The Substance of Christian Religion, or, A Plain and Easy Draught of the Christian Catechism in 52 Lectures…  (London, 1659), The 26-27th Lord’s Days, p. 180

A question here ariseth about infants; Whether they are to be baptized, or not, seeing they cannot be taught or instructed about faith?

I answer that the children, or infants of be­lievers ought to be baptized, because while they are yet infants, as to the external privileges of the Co­venant with God, they are accounted both persons and parties of, or belonging to their parents; and therefore they are of the family of Christ, or of the number of his disciples.

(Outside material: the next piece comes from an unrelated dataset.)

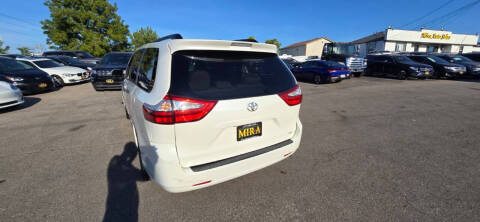 2015 Toyota Sienna XLE 8-Passenger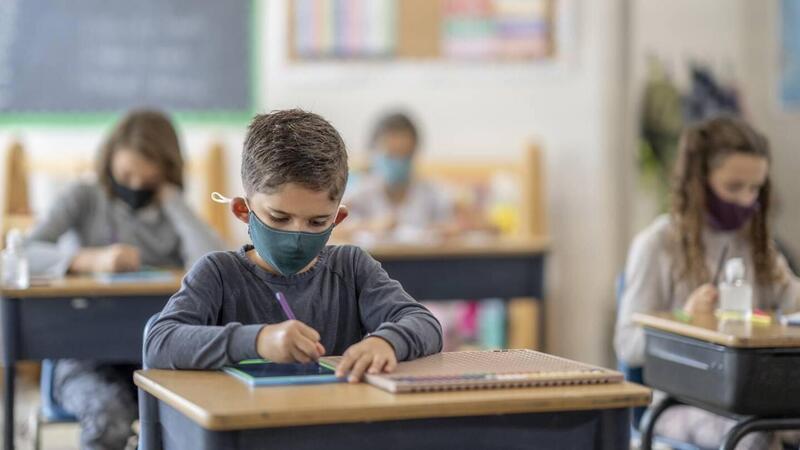 Covid e spostamenti. Cosa cambier&agrave; per scuola e quarantene?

For if the Covenant made with Abraham be the same for substance, by which we are saved, and belongeth as much to us and to our children as it did to Abraham and his posterity, then not only we, but our children also ought to be partakers of the seal of this Covenant.  But the first is true, as appeareth by Rom. 4 and other places; and therefore the latter also is true.”


Antonius Walaeus

Synopsis of Pure Theology…  (Leiden, 1625), 44.27

“We reject the opinion of certain Ubiquitarians [Lutherans], who connect the regenerating power of the Holy Spirit in such a way with the external water in baptism that either it must exist in the water itself or at least can inchoate [begin] regeneration only in the very act of baptism, for this opinion is at variance with all those passages of Scripture in which faith and repentance, and therefore both the root and seed of regeneration, are demanded as a prerequisite in those who are to be baptized.”


Pierre du Moulin

‘On the Necessity of Baptism’, Conclusion  as translated by Witsius, ‘On the Efficacy and Utility of Baptism in the case of Elect Infants whose Parents are under the Covenant’, p. 164  in MJT 17 (2006) 121-190, originally an appendix in William Marshall, Popery in the Full Corn, the Ear, and the Blade…  (Edinburgh: Paton and Ritchie, 1852)

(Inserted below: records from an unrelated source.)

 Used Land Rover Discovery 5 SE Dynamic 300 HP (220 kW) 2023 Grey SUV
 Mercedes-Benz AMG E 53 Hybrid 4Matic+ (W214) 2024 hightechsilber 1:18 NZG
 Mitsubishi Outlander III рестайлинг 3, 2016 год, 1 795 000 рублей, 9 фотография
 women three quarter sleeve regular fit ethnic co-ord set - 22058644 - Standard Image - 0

“The infants, therefore, had been received into the covenant and favor of God before they were ever visibly initiated into any sacrament, or sealed with the seal of the covenant.”


John Henry Alsted  (1588-1638)

Theologia, Scholastica Didactica  (Hanoviae, 1618), pp. 815-6  as quoted in Charles P. Krauth, Infant Baptism and Infant Salvation in the Calvinistic system. A Review of Dr. Hodge’s Theology  (Philadelphia: Lutheran Books Store, 1874), p. 15

“The children of unbelievers are not to be baptized–the children, both of whose parents are believers or one of whom is a believer, are to be baptized–for the infants of believers are in the covenant.  If the covenant, which is the greater thing, belongs to them, much more does the seal, which is the less.”


Samuel Rutherford  1642  **

A Defense of the Government of the Church of Scotland, Article 5, Rutherford is defending the accepted practice and views of the Church of Scotland during his day.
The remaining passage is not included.